“Imagine going back to the house where you grew up,” said the portentous voiceover to this four-part TV series, “and finding everything exactly as it used to be.” Frankly this happens to me every Christmas, but for the participants of this programme life had clearly moved on, at least in a literal sense.
The House That Made Me was a curious mix of childhood nostalgia, pop psychoanalysis and interior design history. Like a home makeover programme in reverse, it recreated the former homes of British celebrities, aiming to trigger a Proustian rush of association or elicit fresh insight into their complex psyches.
Four celebrities of diminishing renown took part with very differing results, depending largely on their current state of mind. In the cases of both former pop star Boy George and disgraced TV presenter Michael Barrymore, this clearly wasn’t too good. Their much-publicised personal traumas and involvement in pretty unsavoury events meant that both appeared to be looking for some kind of redemption.
For people of Barrymore’s age, the long shadow of 1970s interior design allowed for some easy laughs at clashing geometric wallpaper and star-burst clocks, not to mention the overabundance of ashtrays and elaborate drinks dispensers.
But there were more interesting stories to be found too.
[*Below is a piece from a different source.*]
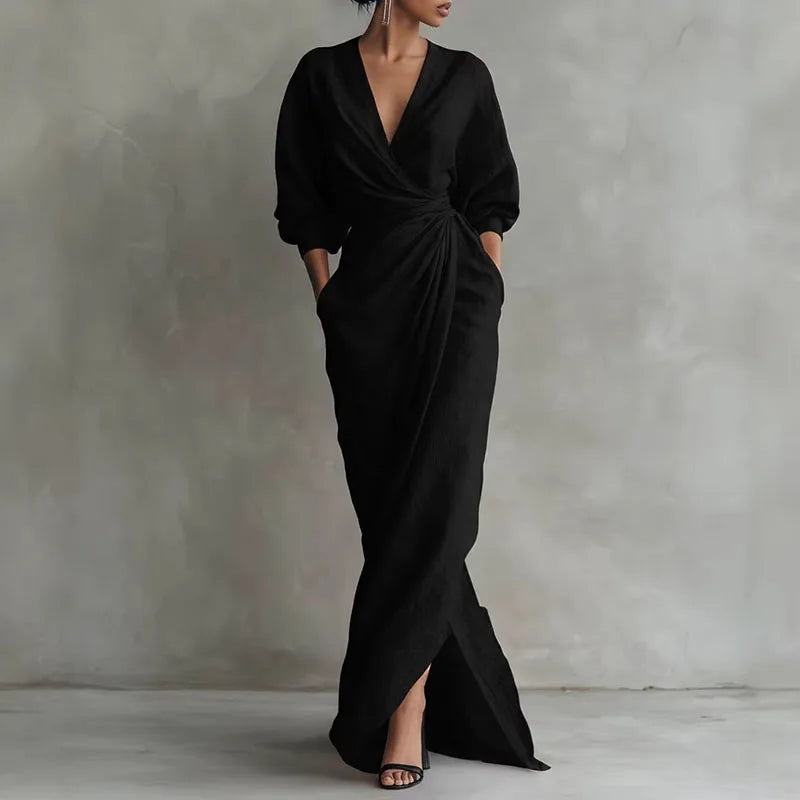 Abito lungo da donna | Abito avvolgente e scollo a V – Elegante abito drappeggiato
The role of technology in the home, for example, was telling. For Boy George it was his Dansette record player, for Barrymore his prog-rock synthesiser and for R&B singer Jamelia it was the birth of MTV that made home life bearable. Each of these objects offered a kind of portal, a route out of their teenage lives to something far more exciting.
The programmes also revealed a subtle territorial battle acted out within the family home. Comedian Sanjeev Bhaskar’s front room was largely out of bounds to the children, a sacrosanct space for entertaining guests only. The level of his parents’ self-effacing hospitality was also revealed by the presence of tricksy cigarette dispensers and a drinks cabinet hidden in a globe, despite the fact that neither of them drank or smoked.
Bhaskar proved the most interesting participant. His childhood in 1970s west London was overshadowed by the rise of the National Front and the racially motivated riots in nearby Southall. He revealed a touching friendship with the white family who ran the fish and chip shop next door, an unlikely pair of surrogate parents with whom he would sit day after day eating bags of chips. His own home included a genuine leopard skin mounted on the wall and various other stuffed animals, including a crocodile, all squeezed into a tiny first-floor flat.
There was an aspect of the homes that wasn’t mentioned at all though – a (non-stuffed) elephant in the room. This was the sticky issue of class. The recreated rooms revealed something very specific about the participant’s background and the relationship of social class to housing. Revealingly, all the participants came from working or lower-middle class backgrounds. This was evident not simply in the size of their house or the number of children sharing a bedroom, but in the way the rooms were laid out and the expectations of how people behaved in them. There were very few books or “high” cultural objects in evidence and decorative objects tended to be cheap, mass-produced items like the ubiquitous Crying Boy painting. Furniture was predominantly new rather than inherited and all of it was thrown out when interior fashions changed or the family moved house.
To talk of class in design and architecture is to invite charges of snobbishness and elitism. But to ignore it seems disingenuous, a kind of wilful refusal to see the social and economic factors that shape our environments. Clearly these issues were too raw and personal even for a programme as prurient as The House That Made Me, and they were inferred rather than spelled out.